*** Opening Exercise materials ***

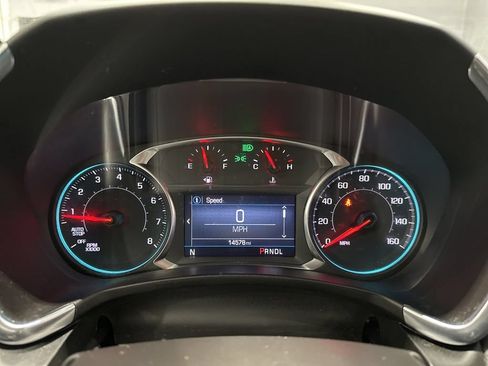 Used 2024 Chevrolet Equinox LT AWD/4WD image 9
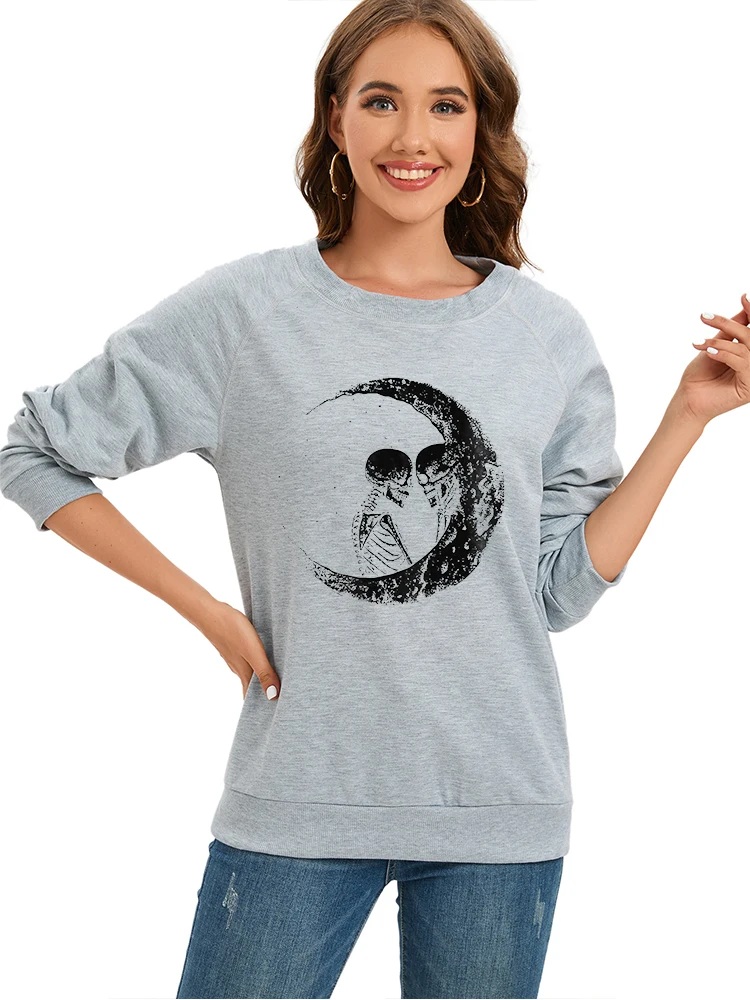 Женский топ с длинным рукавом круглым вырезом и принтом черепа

*** Closing Exercise materials ***
*** Opening Exercise materials ***

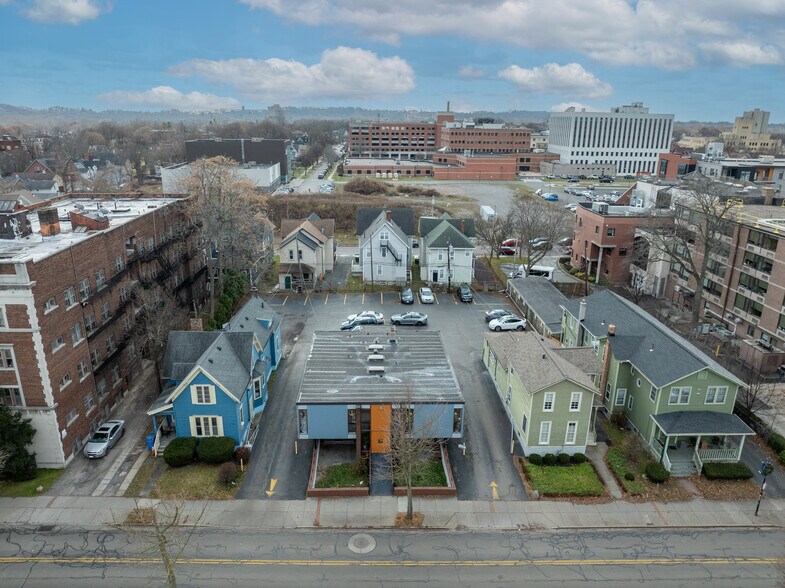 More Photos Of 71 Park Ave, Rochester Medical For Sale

*** Closing Exercise materials ***

Problem statement:
Range to print from the listing above: from the line with "Used 2024 Chevrolet" up to and including the line with "Женский топ с". Please print those lines exactly, with no pictures and nothing more.

Written response:
 Used 2024 Chevrolet Equinox LT AWD/4WD image 9
 Женский топ с длинным рукавом круглым вырезом и принтом черепа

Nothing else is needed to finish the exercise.